Criminology in a post-Brexit world: Ideas have no borders

As we adjust to the news that a small majority of the UK population voted Leave in the June 23 Referendum on EU membership, it seems important to set out where the Oxford Centre for Criminology sees itself in the world. Universities have always been sites of global exchange of students and personnel as, unlike nation states, knowledge has no borders. Criminology in Oxford has benefited enormously from our international students and colleagues, just as it has from our British-born ones.

This year the Centre for Criminology has been celebrating our 50th anniversary. In the various events we have held, we have made much of our roots, our current focus, as well as our plans for the future. In all of these iterations, Criminology in Oxford is profoundly and proudly global.

While the 50 years dates the establishment of Criminology in Oxford to the foundation of a Penal Research Unit by the late Dr Nigel Walker in 1966, in fact the discipline was first taught in Oxford by German émigré, Max Grunhut, who, was offered sanctuary by All Souls College in 1939, to continue his work on Criminal Justice that had fallen foul of the Nazi regime.

Since then innumerable staff and associate faculty have come and gone, working on short-term contracts, as permanent postholders, in administrative roles and as research collaborators. Many have been from the EU, others from further afield still. A brief and likely incomplete overview of national origins reveals an assortment of countries including: Argentina, Austria, Australia, Belgium, Brazil, Canada, China, Germany, Greece, India, Ireland, Italy, Norway, Portugal, South Africa, Sweden, and the US. Once our student intake is taken into account, the range of countries grows further still.

The global reach of Oxford criminology is not limited to those working or studying here, but is also reflected in the scholarship of faculty and students.
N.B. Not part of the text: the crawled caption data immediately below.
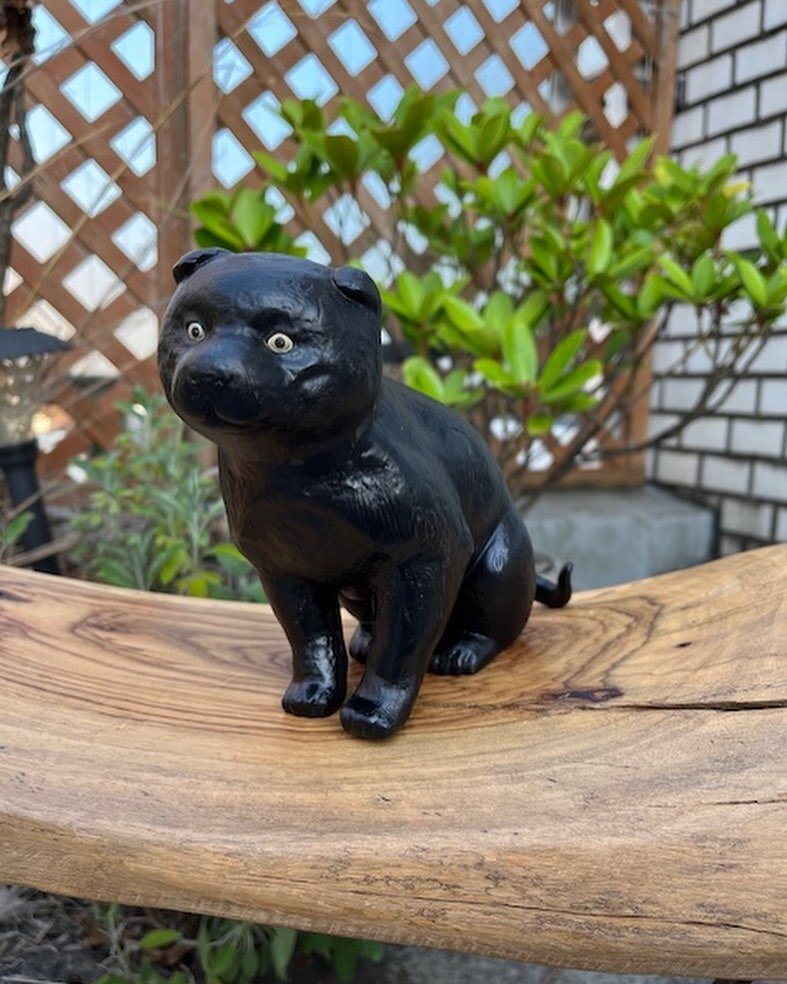 This is a small replica of my favorite Japanese artwork. The original is a wooden statue of a puppy. Eight hundred years ago it belonged to a Kyoto monk named Myōe (1173&ndash;1232). My toy version is a faithful reproduction right down to the texture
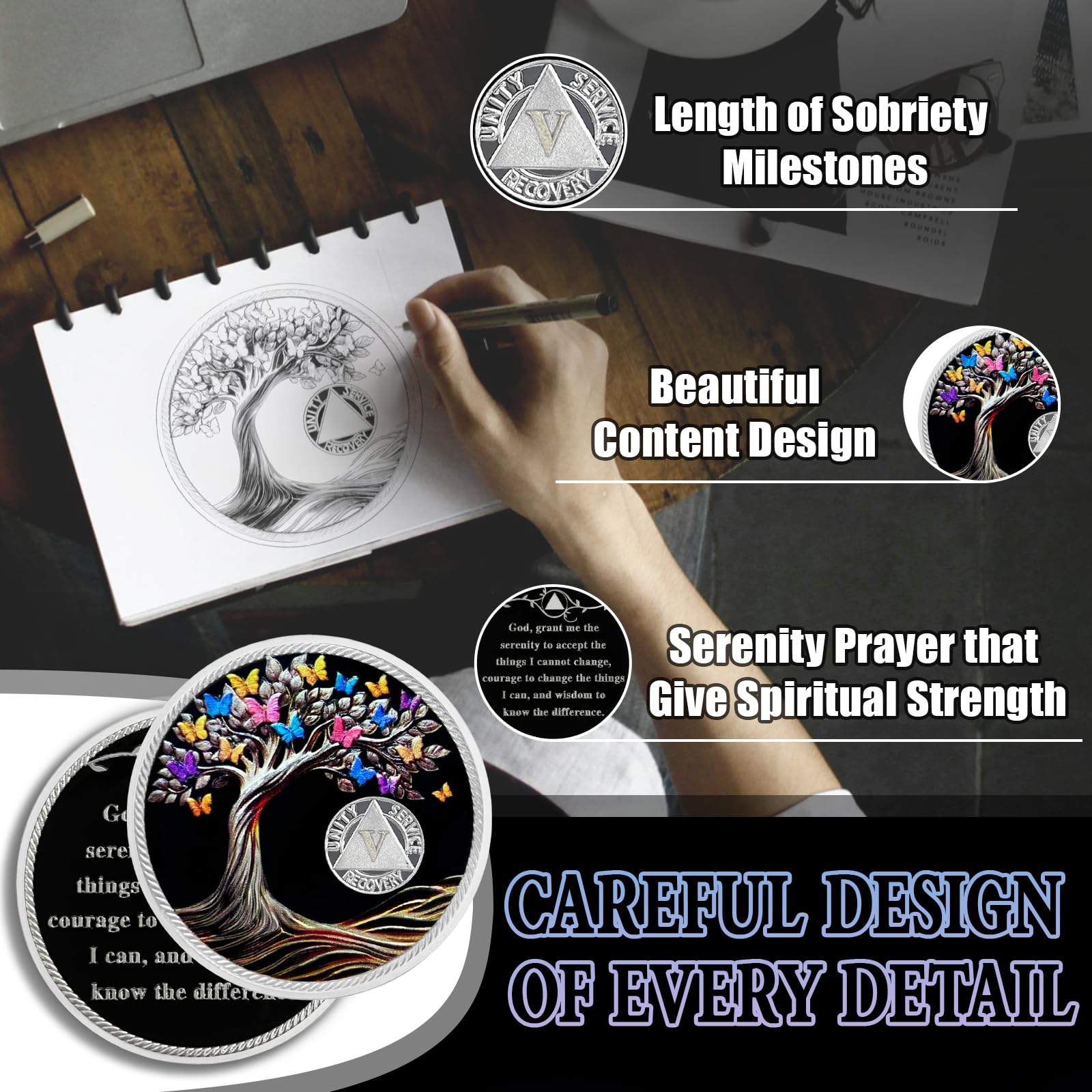 5 Years Sobriety Coin Butterfly Tree of Life AA Chips and Medallions Sobriety Recovery Chip Sober Token Sobriety Gifts for Men Women Celebrating Alcoholics Anonymous Recovery YRCKUDZKG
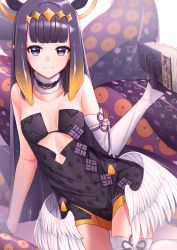 Rule 34 | 1girl, ao-chan (ninomae ina&#039;nis), black dress, black gloves, blue eyes, blunt bangs, blush, breasts, detached sleeves, dress, gloves, halo, highres, hololive, hololive english, long hair, looking at viewer, mole, mole under eye, ninomae ina&#039;nis, ninomae ina&#039;nis (1st costume), pointy ears, purple hair, small breasts, smile, solo, sora (men0105), tentacle hair, tentacles, thighhighs, virtual youtuber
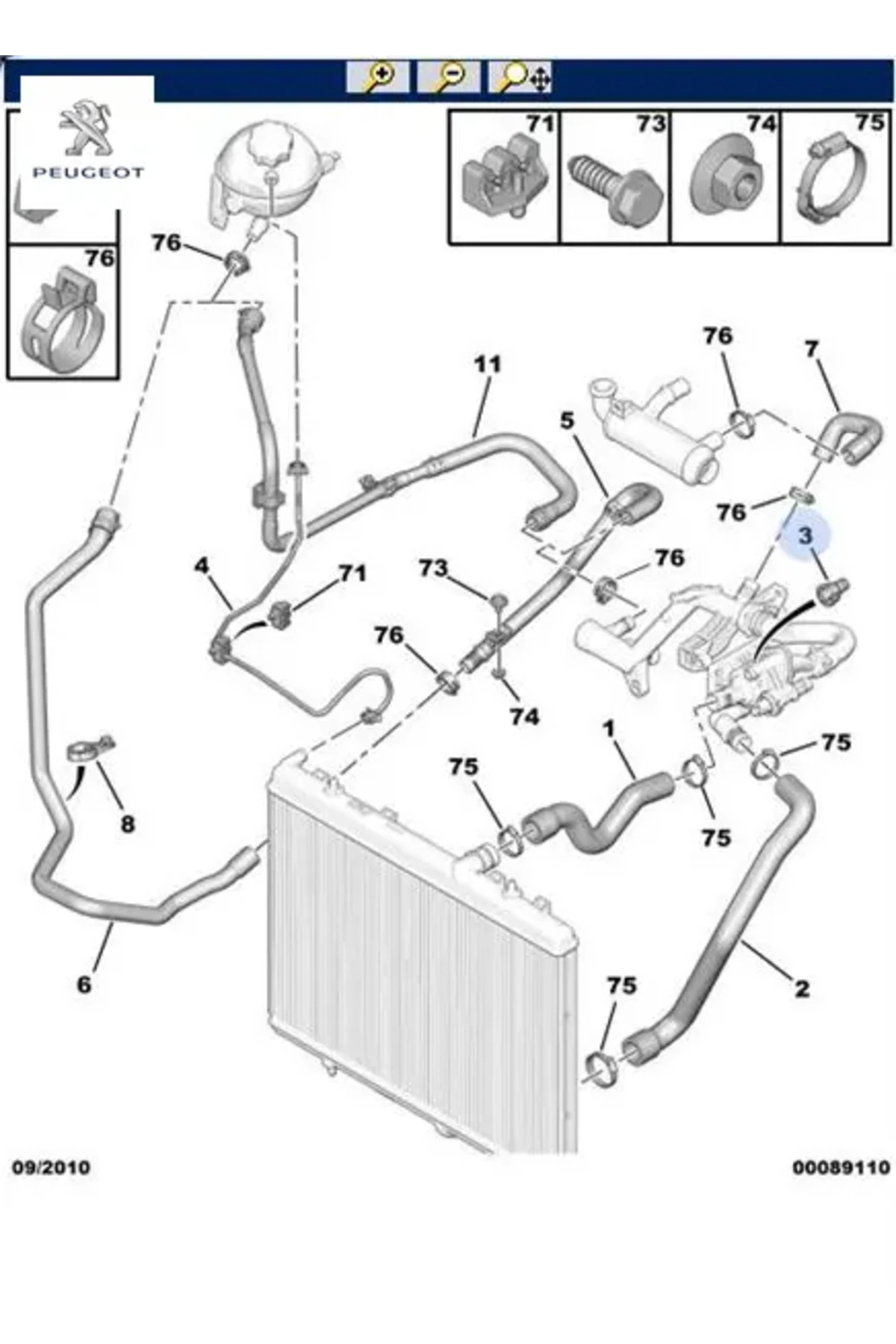Su Kollektör Tapasi 207-208-301-308-508 1323V3 9656351680 155253655 1791975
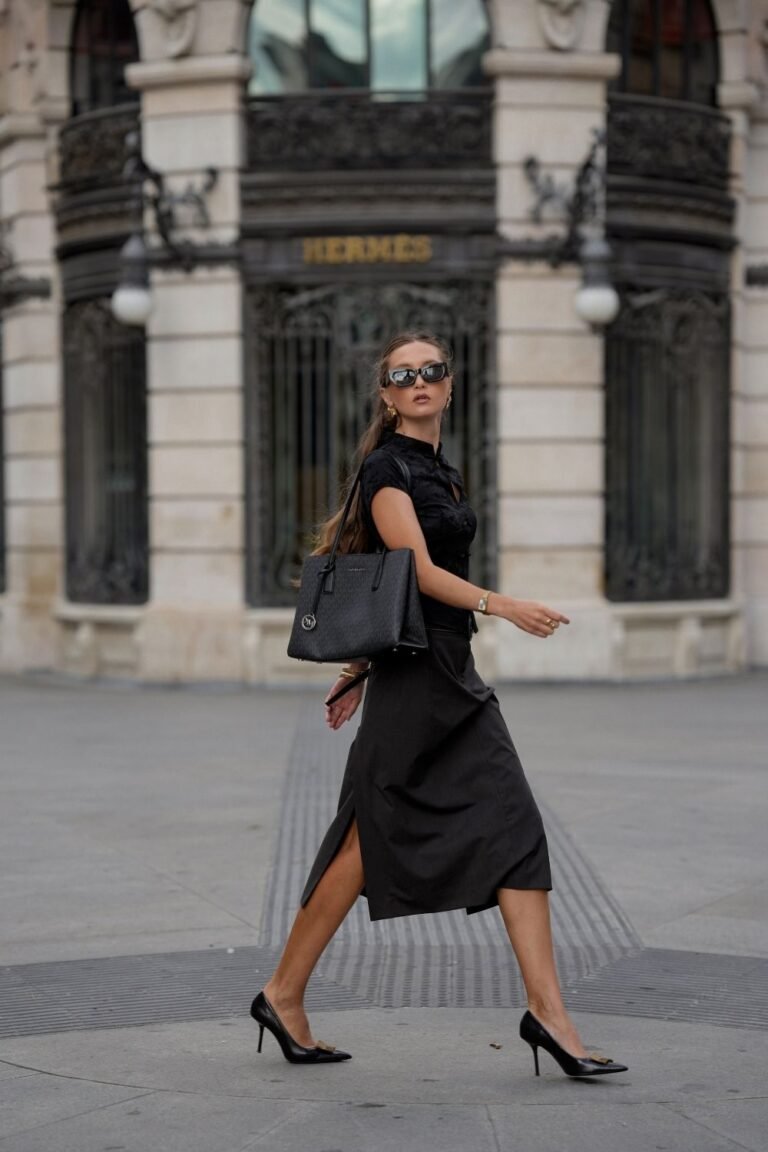 Black Mandarin-Collar Top and Slit Midi Skirt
Oxford produces pioneering global and comparative work on the death penalty, migration control, policing, security, transitional justice, human trafficking and other topics that transcend borders. In recognition of our expertise in these areas, and of the global nature of criminal justice more broadly, we recently announced the creation of a Global Criminal Justice Hub.

While it is, as yet, unclear what will be the medium and longer term implications of the referendum in Britain, given how much we have always benefited from our students and colleagues from around the world, we at the Centre for Criminology will not waver in our commitment to welcome those from abroad and fully involve them in the intellectual life of our department.

Criminal justice decisions are no longer, if they ever were, limited to the nation state in which they are made. Nor can sound scholarship be forged without reference to ideas and people from elsewhere. Hence universities must remain truly global institutions.

Ideas and scholarship may seem like weak bulwarks against the dangers inherent in this uncertain period of politics, but ideas are always necessary for understanding and progressive alternatives. So the Centre for Criminology welcomes visitors, students and colleagues from around the world, and remains committed to embracing all in the production of critical scholarship that aims to produce positive impacts across every continent.